Ripresa. I puristi della cinepresa (Quentin Tarantino ha girato il suo ultimo film, The hateful heigts in 70 mm e, prima di lui in questo formato è stato girato 2001 Odissea nella spazio di Stanley Kubrick)) sostengono che la qualità della pellicola non può essere sostituita dal digitale. La profondità, la resa cromatica, la brillantezza dei colori e la nitidezza dei dettagli appare ancora largamente a vantaggio della celluloide. Spesso, per rendere bene il concetto, viene citato il caso di Lawrence d’Arabia, il celebre film di David Lean del 1962 con protagonista Peter O’Toole. In molte sequenze è solo grazie alla pellicola che si possono mantenere a fuoco due piani di ripresa: uno molto ravvicinato e uno sul fondo, all’orizzonte. La ricerca in questo settore è tutta concentrata nel cercare di avvicinare sempre più i due mondi, quello della pellicola tradizionale e quello del digitale. Per ottenere risultati apprezzabili però si rischia di sconfinare oltre i limiti della percezione visiva dell’occhio umano, sia in termini di frame per second (FPS) quanto in termini di gamma cromatica. Le videocamere da ripresa cinematografica digitali per molti aspetti hanno raggiunto da tempo livelli tecnici pressoché equivalenti alle tradizionali cineprese in 35 mm. E non sono pochi coloro che riescono a produrre ottimi risultati utilizzando macchine di qualità semiprofessionale.
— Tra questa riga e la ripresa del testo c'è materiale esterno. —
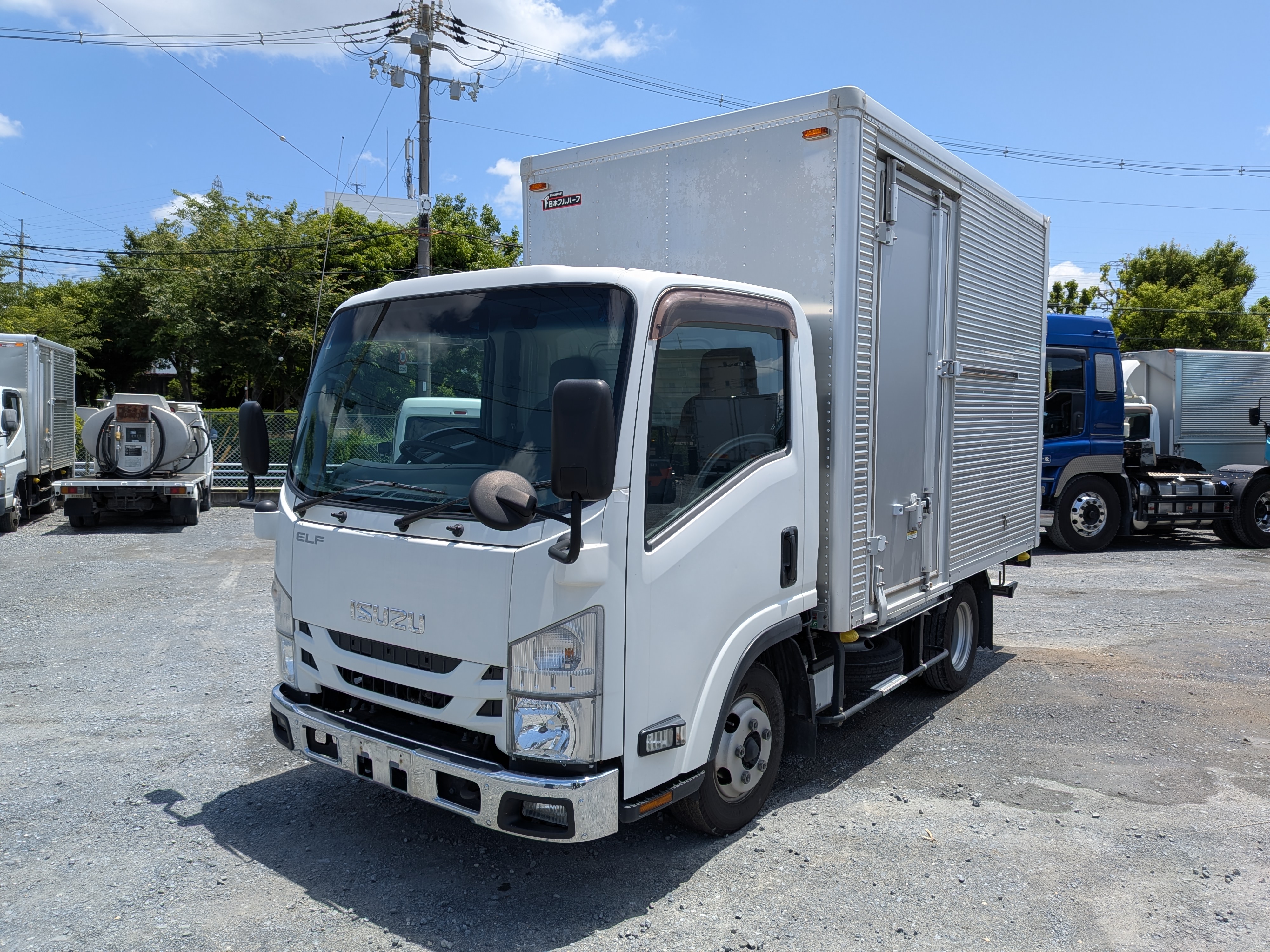 近日入庫予定！ いすゞ/ｴﾙﾌ ｱﾙﾐﾊﾞﾝ/ｻｲﾄﾞﾄﾞｱ付き 標準幅 10尺 ｽﾑｰｻｰEx 車検付き(R8年10月29日)1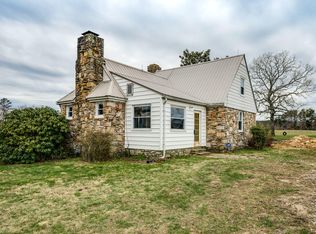 1863 Sawmill Rd, Crossville, TN 38555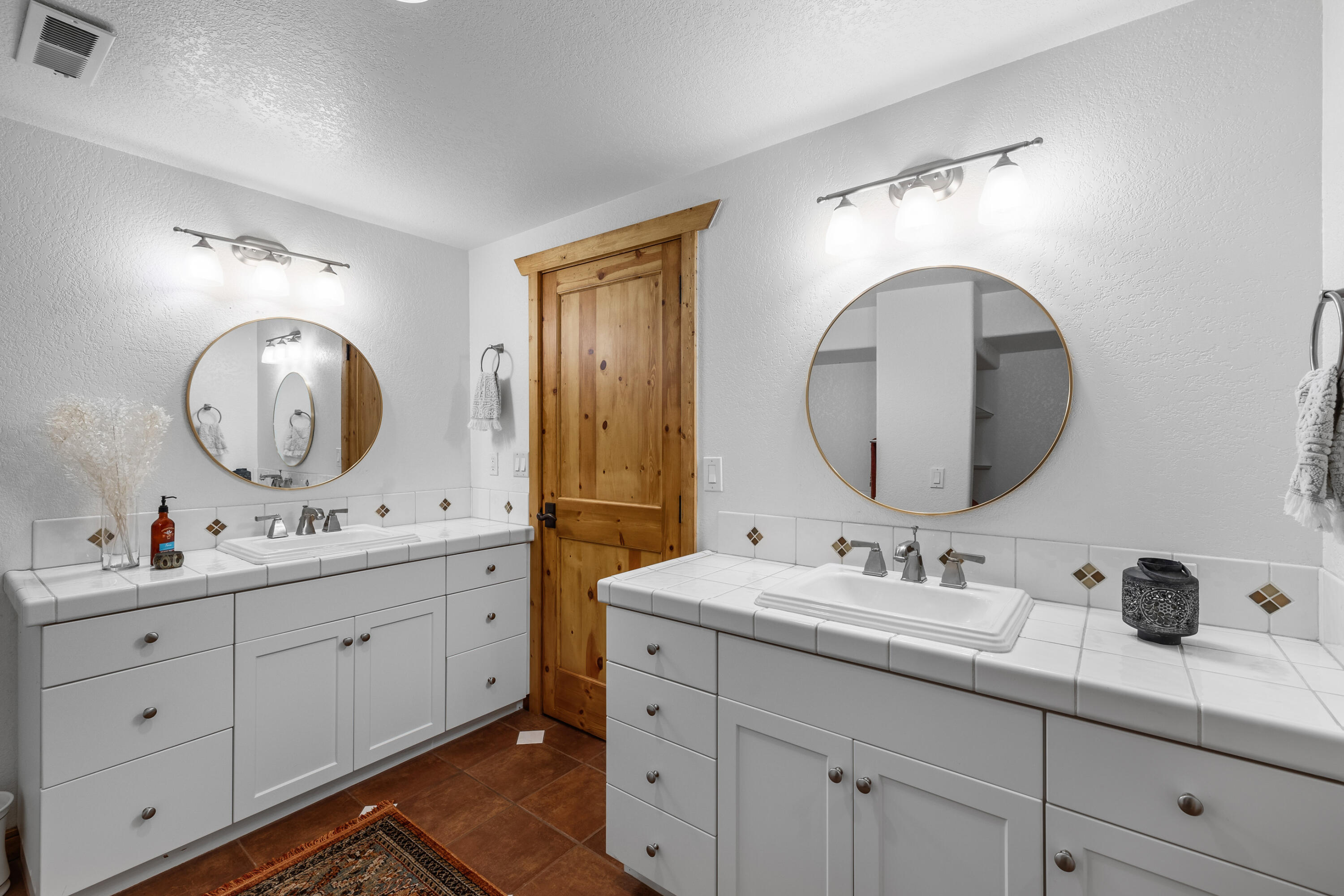 Pine West - Residential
Rimane comunque al momento un dominio incontrastato della ripresa digitale e, sul mercato, ci sono telecamere con elevate prestazioni. Vittorio Storaro, noto direttore della fotografia vincitore di tre premi Oscar, ha definito il modello di punta in questo settore, la Sony Cinealta F65 come “la massima espressione dell’arte della cinematografia digitale … consente di riprendere immagini senza compromessi e con colori, profondità e dettagli mozzafiato”. Insieme agli altri noti brand, come Canon, JVC e Panasonic si contendono un mercato in continua espansione e indirizzato verso il miglioramento della qualità delle immagini (dal 4 all’8K).

Proiezione. Intorno al 2010 è avvenuto lo switch off che ha segnato il passaggio dalla proiezione dei film nel formato tradizionale a 35 mm, lo stesso con il quale veniva effettuata la maggior parte delle riprese, nel nuovo formato digitale DCP (Digital Cinema Package). Proprio nello stesso periodo, le grandi case produttrici di pellicola, la Kodak e la Fuji, proprio a seguito dell’avvento del digitale, stavano chiudendo i battenti. In quel momento è finita la fase “romantica” delle visioni in sala con le “bobine” e i giganteschi proiettori che riversavano sul grande schermo le immagini cinematografiche. Da allora, i film arrivano direttamente ai gestori delle sale attraverso connessioni ultraveloci (fino a 70 Mbps) e in formati spettacolari come l’HD e il 3D. Le macchine da proiezione sono passate rapidamente dai vecchi modelli con lampada a fortissima luminescenza fino ai moderni apparati a laser. Altre tecnologie che interessano la proiezione riguardano la qualità dei teli: è stato presentato nel 2016

Ultimate Screen, uno schermo sagomato di nuova generazione in grado di rendere una elevatissima efficienza luminosa.
Ma l’aspetto correlato alla proiezione che interessa maggiormente gli utenti è la qualità della sale, oggi intese sempre più come luogo di intrattenimento complesso, dove la visione del film è solo una parte dell’interesse e dell’esperienza che il pubblico richiede. Infatti, da tempo insieme alla chiusura progressiva e devastante delle tante piccole sale di quartiere, si assiste al diffondersi di enormi multiplex, spesso collocati al centro di grandi centri commerciali.